Since this story is also about the spiritual journey toward experiencing enlightenment, toward becoming a Buddha, I started off with a review. I asked the girls what stories they remembered from the year. I asked if the parents, if the physician, etc were buddhas, and pointed out some traits these buddhas had. That they could see what needed to happen in the various situations, while the children couldn't, and that they could figure out a means to help the children. I also brought up the song "Sit Up Straight," asking the girls what that was about. It took a couple of tries for someone to say "meditation." I reminded them of the phrase, "we all need samadhi to lean on," clarifying it wasn't "somebody" in our song, but "samadhi". I explained samadhi is also a skill a Buddha would have, and that samadhi is a still-pointed centeredness people come upon in meditation. Like the song says, it helps us, and a buddha can access this samadhi.

I asked, "Is everyone a buddha right away?" and I got a prompt answer, "No." This led into my story...

I read from the verse section, starting with "I will cause you to enter the Buddha way..." This long journey is so much like that of European American pioneers, I invoked the Oregon Trail. I'd read a few lines, and then speculate on the experience of the pioneers. They had the long dusty trails, they must have got hot, sick, and discouraged.

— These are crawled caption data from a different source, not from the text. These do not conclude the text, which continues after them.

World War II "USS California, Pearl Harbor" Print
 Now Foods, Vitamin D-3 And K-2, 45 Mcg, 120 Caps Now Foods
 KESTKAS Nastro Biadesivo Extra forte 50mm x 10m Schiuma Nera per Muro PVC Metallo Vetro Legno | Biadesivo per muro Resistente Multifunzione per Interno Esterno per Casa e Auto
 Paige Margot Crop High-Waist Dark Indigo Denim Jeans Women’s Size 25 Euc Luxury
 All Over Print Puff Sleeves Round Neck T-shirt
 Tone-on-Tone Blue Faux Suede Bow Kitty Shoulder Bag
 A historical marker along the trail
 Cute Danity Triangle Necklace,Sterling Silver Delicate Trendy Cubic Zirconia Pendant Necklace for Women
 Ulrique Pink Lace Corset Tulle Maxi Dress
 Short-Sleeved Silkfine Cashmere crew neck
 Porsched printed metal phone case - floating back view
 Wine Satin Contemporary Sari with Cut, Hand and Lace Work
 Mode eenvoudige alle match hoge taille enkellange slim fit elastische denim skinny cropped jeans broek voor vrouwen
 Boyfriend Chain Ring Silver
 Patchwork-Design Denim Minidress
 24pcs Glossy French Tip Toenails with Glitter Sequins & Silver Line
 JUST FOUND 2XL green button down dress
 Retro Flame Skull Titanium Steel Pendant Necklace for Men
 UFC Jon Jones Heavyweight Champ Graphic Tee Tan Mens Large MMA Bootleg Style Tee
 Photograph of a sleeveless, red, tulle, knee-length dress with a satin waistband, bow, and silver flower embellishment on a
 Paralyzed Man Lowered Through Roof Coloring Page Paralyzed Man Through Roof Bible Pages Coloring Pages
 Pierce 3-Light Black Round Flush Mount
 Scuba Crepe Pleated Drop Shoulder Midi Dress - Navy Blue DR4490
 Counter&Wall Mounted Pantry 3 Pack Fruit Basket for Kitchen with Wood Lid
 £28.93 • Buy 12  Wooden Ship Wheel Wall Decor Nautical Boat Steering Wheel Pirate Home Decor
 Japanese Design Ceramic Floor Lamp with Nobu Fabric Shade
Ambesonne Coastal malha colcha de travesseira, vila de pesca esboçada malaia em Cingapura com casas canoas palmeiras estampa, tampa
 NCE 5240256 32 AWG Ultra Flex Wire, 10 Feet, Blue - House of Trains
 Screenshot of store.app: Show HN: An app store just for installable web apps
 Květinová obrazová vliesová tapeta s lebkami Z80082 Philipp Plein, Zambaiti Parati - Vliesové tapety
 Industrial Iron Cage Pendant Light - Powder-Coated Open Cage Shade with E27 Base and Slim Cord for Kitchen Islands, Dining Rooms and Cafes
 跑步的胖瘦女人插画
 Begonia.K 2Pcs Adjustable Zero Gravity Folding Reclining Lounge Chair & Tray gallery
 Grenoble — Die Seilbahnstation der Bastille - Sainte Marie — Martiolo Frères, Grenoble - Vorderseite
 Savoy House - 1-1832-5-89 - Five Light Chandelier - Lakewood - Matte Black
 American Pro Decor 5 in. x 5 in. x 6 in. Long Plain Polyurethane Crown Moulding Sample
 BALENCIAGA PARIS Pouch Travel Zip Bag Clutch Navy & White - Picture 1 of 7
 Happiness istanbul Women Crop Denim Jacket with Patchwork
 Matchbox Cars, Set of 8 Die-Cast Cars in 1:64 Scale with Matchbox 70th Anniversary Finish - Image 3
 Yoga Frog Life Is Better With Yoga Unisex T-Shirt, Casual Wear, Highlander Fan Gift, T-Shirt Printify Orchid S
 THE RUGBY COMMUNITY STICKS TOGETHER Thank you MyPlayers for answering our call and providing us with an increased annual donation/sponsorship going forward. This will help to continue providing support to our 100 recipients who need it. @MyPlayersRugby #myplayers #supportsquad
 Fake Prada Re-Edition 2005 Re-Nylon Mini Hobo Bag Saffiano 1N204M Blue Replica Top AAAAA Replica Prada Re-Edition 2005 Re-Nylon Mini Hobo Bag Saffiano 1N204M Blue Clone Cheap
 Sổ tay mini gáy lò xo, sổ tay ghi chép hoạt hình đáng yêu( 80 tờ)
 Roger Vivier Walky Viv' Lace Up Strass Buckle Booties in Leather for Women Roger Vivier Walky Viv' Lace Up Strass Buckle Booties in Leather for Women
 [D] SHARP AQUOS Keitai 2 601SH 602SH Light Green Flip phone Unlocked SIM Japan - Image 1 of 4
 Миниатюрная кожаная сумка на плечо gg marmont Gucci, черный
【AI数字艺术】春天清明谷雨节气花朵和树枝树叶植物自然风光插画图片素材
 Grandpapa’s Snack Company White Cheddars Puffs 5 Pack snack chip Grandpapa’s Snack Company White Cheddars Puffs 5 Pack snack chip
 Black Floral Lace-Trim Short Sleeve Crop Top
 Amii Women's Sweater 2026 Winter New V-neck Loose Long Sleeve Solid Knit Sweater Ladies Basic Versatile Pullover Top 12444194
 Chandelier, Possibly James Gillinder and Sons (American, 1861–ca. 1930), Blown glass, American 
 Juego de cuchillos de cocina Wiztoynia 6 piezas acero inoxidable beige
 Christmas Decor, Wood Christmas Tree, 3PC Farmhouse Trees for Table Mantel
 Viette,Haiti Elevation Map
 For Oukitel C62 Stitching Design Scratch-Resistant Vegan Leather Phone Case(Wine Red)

On the one hand I read of gardens and groves, mansions and pavilions, ponds and lakes, and on the other hand, I asked the girls if they'd ever been to Multnomah Falls...or any waterfall. Think about what that would be like, to be so hot, hungry and tired, and to come upon a waterfall, with the sun making the water drops sparkle like jewels. The settlers could stop at a waterfall, rest, and find food. Then they would have the energy to keep going to the end of their journey.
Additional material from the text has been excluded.